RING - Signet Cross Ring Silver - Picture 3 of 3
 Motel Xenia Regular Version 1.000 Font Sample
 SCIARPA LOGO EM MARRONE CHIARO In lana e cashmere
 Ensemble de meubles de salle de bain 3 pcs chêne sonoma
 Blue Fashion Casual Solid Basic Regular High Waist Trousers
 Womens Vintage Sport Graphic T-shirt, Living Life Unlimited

===

* Exercise brief *
Begin with the line that contains "Blue Fashion Casual" and quote each line after it exactly, stopping after the last line of the data.

* Solution *
 Blue Fashion Casual Solid Basic Regular High Waist Trousers
 Womens Vintage Sport Graphic T-shirt, Living Life Unlimited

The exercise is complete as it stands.